Question: Name, title, company?
Maryann Heil, Business Process and Organizational Change Management, Atmos Energy Corporation
Question: Family, hometown, where you live?
I was born in Cleveland, Ohio, where my great-grandfather started a moving and storage business in 1901. He built his business by moving steam trunks for John D. Rockefeller and other oil executives. I grew up working for my father in the business. And toiling away in a family enterprise taught me a lot. Patience, mainly. But before I was 16, I knew how to balance and read a balance sheet, drive a tractor-trailer, operate a tow motor, and pack/load a truck. Most importantly, I learned how to work with and respect people. I currently live in Dallas, Texas.
Question: What is your utility/change management experience?
I have worked for two natural gas companies. Working at these two companies connected me to colleagues, customers, and markets from the Atlantic Coast to the Rocky Mountains. I have worked on all sizes of projects, ranging from spinning off a pipeline group to be a separate entity to streamlining a financial system and creating one standard general ledger for all divisions to use.
Question: What do you like to do when you’re not working? Hobbies?
We moved to Dallas last year so we have spent most of our time getting to know our new home state.
Question: Notable achievements?
This year my white paper for ACMP was selected as one of the top three submissions and was published for the 2017 ACMP Conference. I recently was elected as ACMP North Texas Regional Director.
Question: Where do you see Change Management in utilities in two years?

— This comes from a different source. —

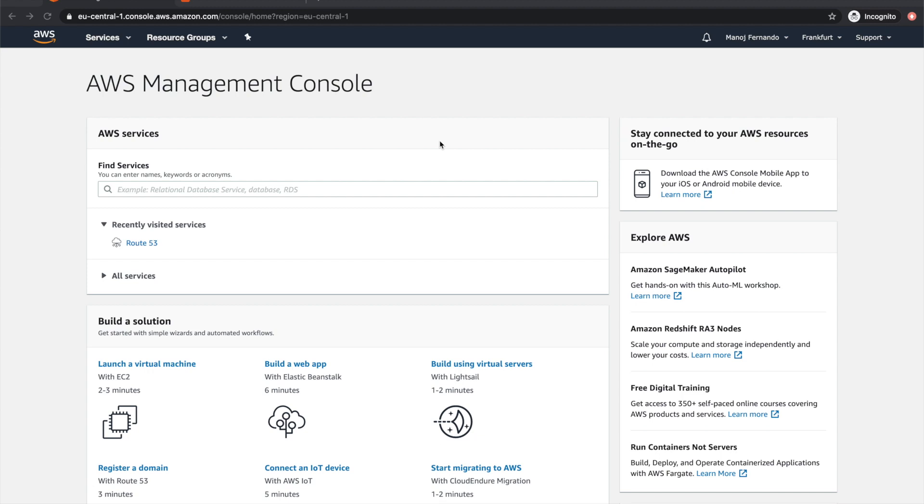Hello everyone, welcome to this episode on how you can delegate a subdomain to Route 53. This is going to be a quick video because I got a couple of questions regarding this. Let me quickly talk about the problem we have and what the solution is.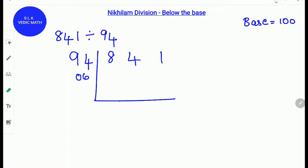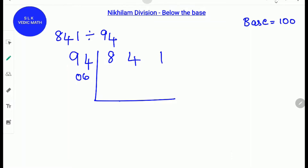841 divided by 94. First, find a base for 94. The base for 94 is 100. Next, find the difference between 94 and the base 100, which is 6. Write 6 as 06 because there are two zeros in the base 100.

The utility industry will face a number of issues in the next few years, including aging infrastructure and uncertain regulatory environments. As a result, leaders will ask employees to adapt to change much quicker than in the past, without sacrificing quality and without disrupting company culture. Change management will be crucial to this process.
Question: What is your biggest challenge?
Getting use to the Texas heat. I once thought two or three days of 90 degree temperatures was a heat wave. Now it’s relief from a week’s worth of 100 degree days.
Question: What did you do prior to working in your current role?
Before entering the natural gas industry, I worked for the State of Ohio – in the Department of Taxation and at the Bureau of Workers’ Compensation.
Question: Who are a couple of your role models (and why)?
I had a great role model when I worked for the State of Ohio fresh out of college. My boss taught me a great lesson: “know your worth.” I mentioned to him once that a co-worker was makig a lot more than I was even though I had a lot more responsibilities. I knew my co-worker had been at the agency for over 20 years, but I felt I deserved a raise. He asked me, “How much is the market willing to pay for what you do?” I rose to his challenge, updated my resume, and applied for jobs. I found that I was paid pretty well for someone who had little experience in her early twenties I learned to figure out what the market is asking for — whether it is experience, certification, or education.
Question: What is one of your biggest goals (in life or business)?
To travel more.
Question: What’s the biggest misconception you run into in your role (or what people seem to think about Change Management?
Communication and training is all you need to ensure change.